Lawyers who don't want to produce information or documents that the other side has requested often accuse them of engaging in a "fishing expedition."

Indeed, "fishing expedition" is the cliche of choice under these circumstances. Over the years, countless litigants have invoked the phrase and countless judges have adopted it as a metaphor to describe the problem of discovery run amok.

The phrase should be sent off to enjoy its long overdue retirement .... and perhaps enjoy a little angling.

This is so for at least two reasons.

First, the metaphor is inapt. Fishing does not involve an indiscriminate effort to see if there is anything anywhere in the lake. To the contrary, it requires a studied understanding of what one wants to catch, where one might find it, and how one might get it on the line.
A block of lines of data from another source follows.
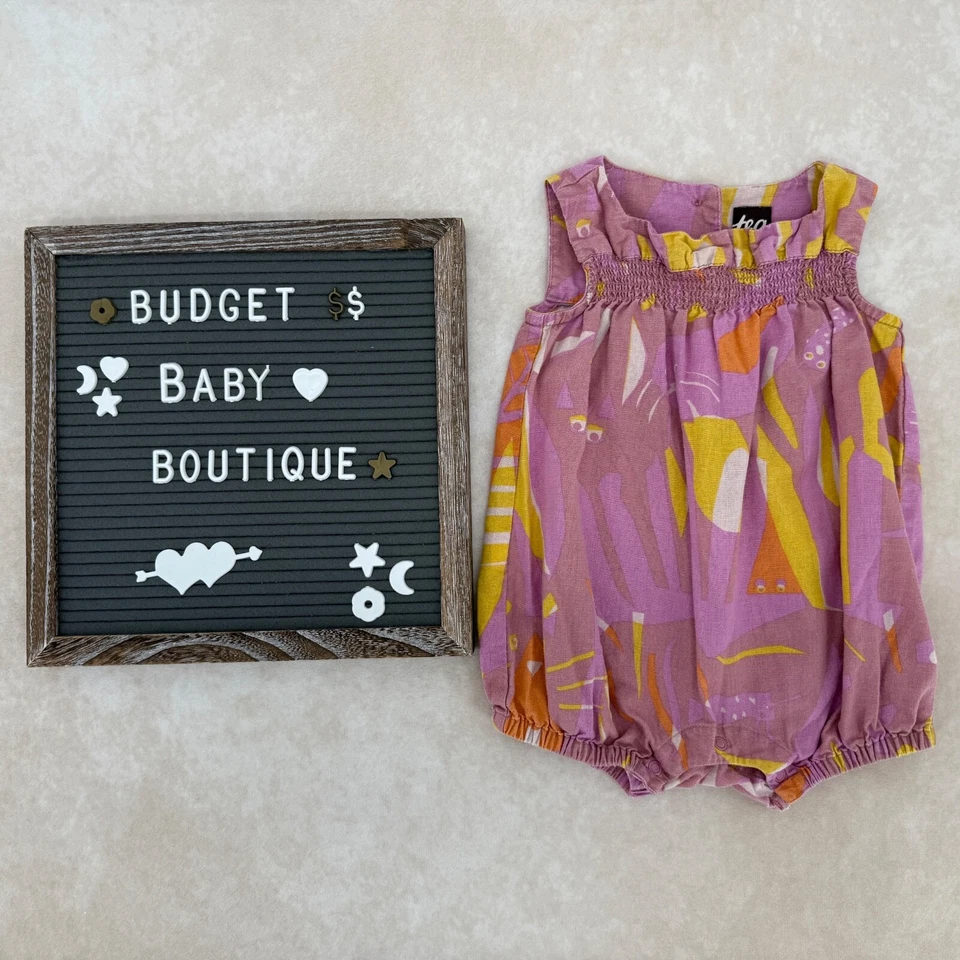 Детский комбинезон TEA Collection фиолетовый сафари размер 3-6 месяцев - Изображение 1 из 3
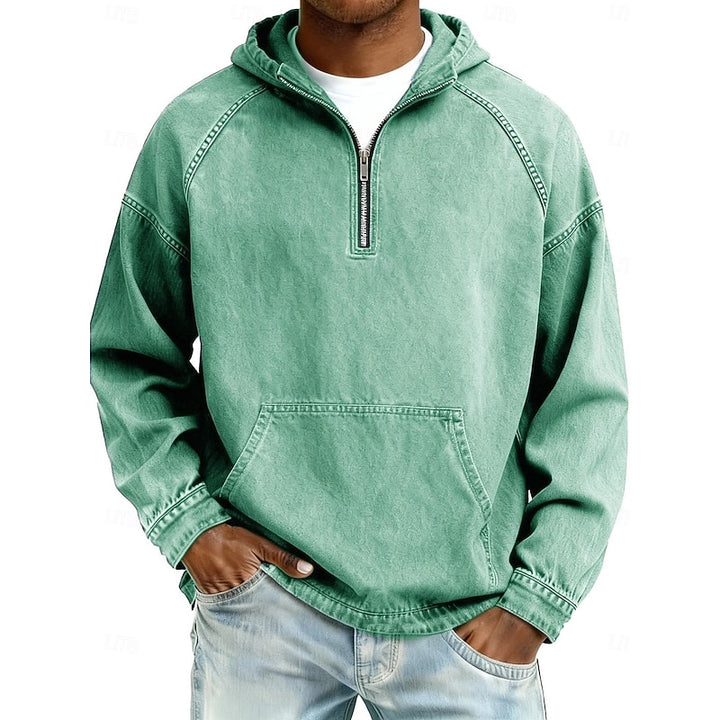 Elliott | Washed Quarter-Zip Hoodie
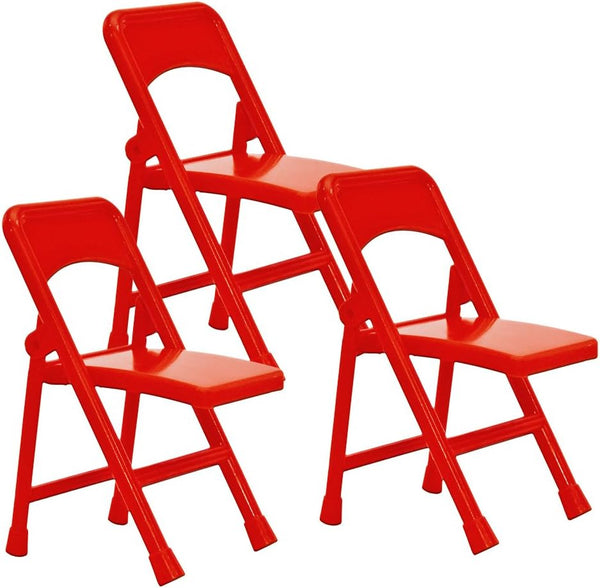 Set of 3 Red Folding Chairs for Wrestling Action Figures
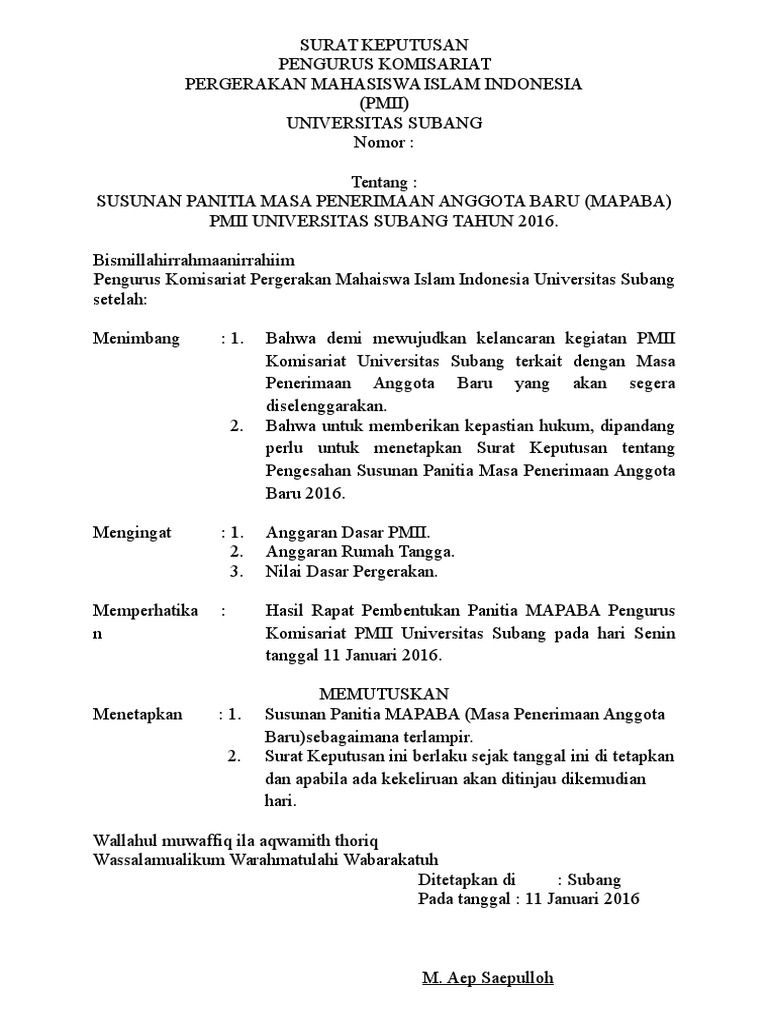 Contoh Surat Delegasi Pmii aristeonews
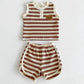 Teddy Bear Striped Shorts Set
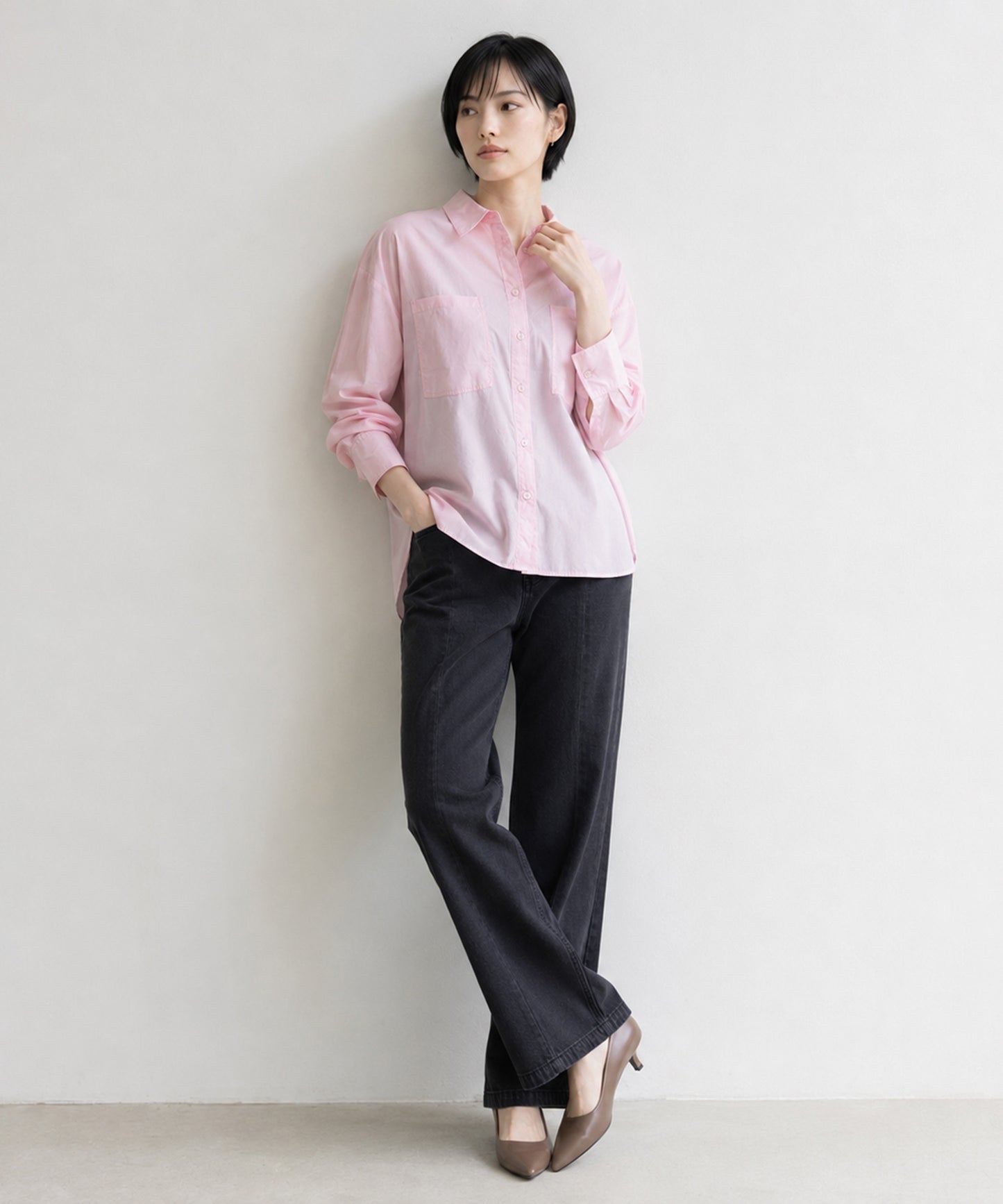 【NUMPH】バックボタニカルフォレストコンビシャツ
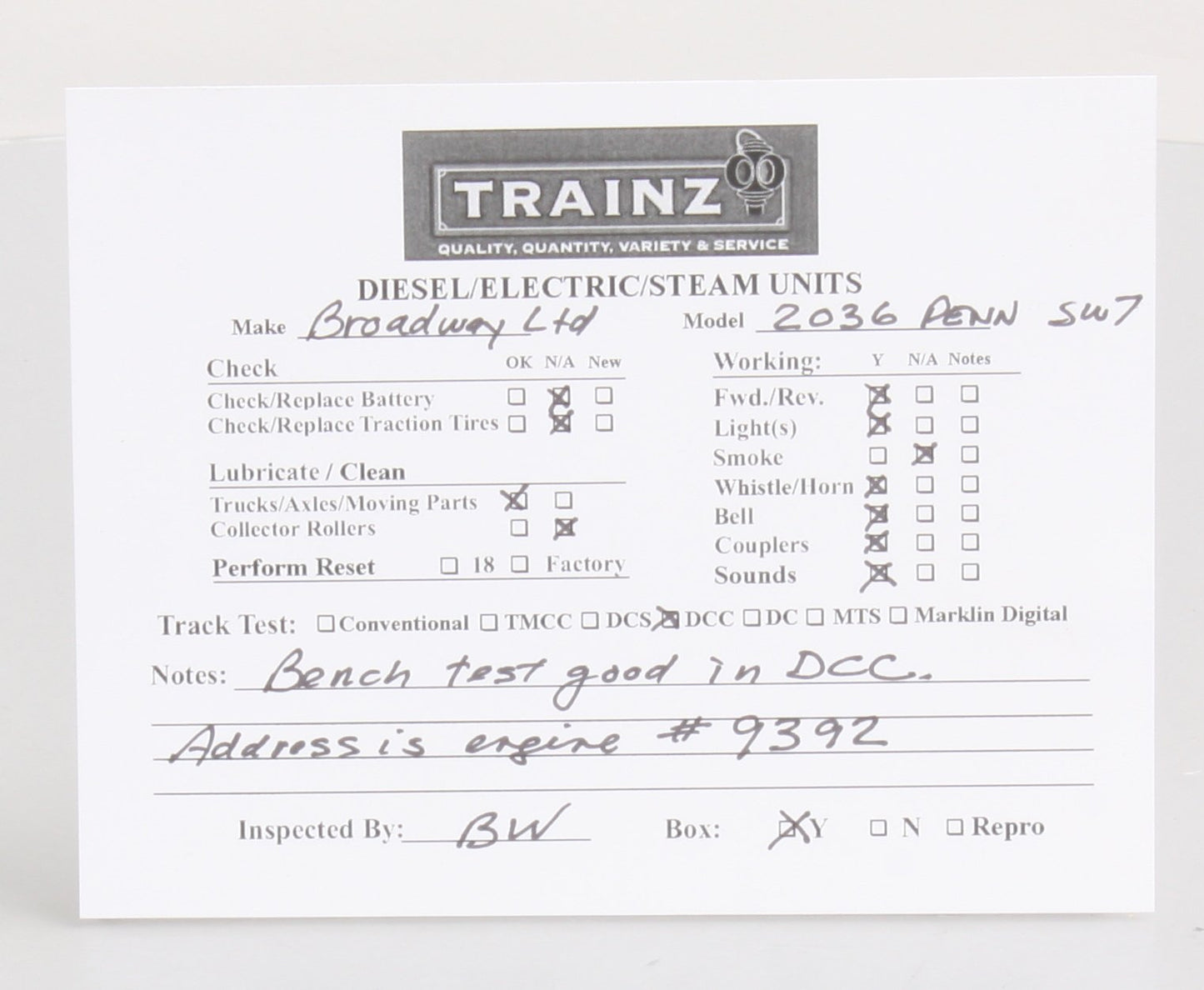 Broadway Limited 2036 HO Pennsylvania Diesel EMD Switcher SW7 Ph2 #9392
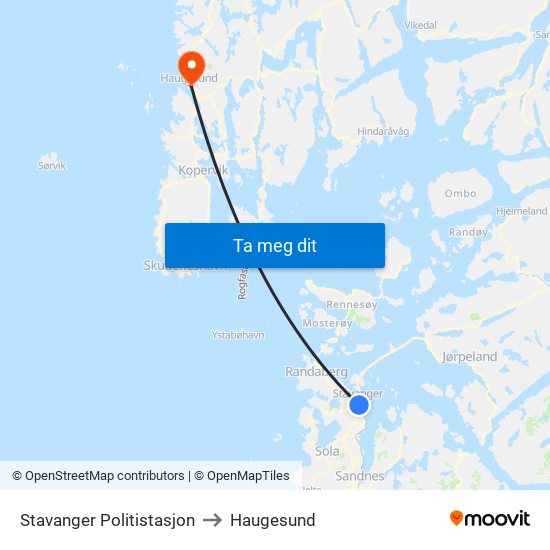 Stavanger Politistasjon to Haugesund map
Second, the metaphor reflects a misunderstaning of the law. In fact, the modern discovery rules give litigants substantial latitude to test the waters with less than perfect precision.

But don't take my word for it. The United States Supreme Court said as much in Hickman v. Taylor (1947), where it observed this about discovery under the federal rules of civil procedure: "No longer can the time-honored cry of 'fishing expedition' serve to preclude a party from inquiring into the facts underlying his opponent's case."

That was more than sixty years ago. The news does not appear to have reached many lawyers and judges.

Perhaps they were off fishing when the word came down.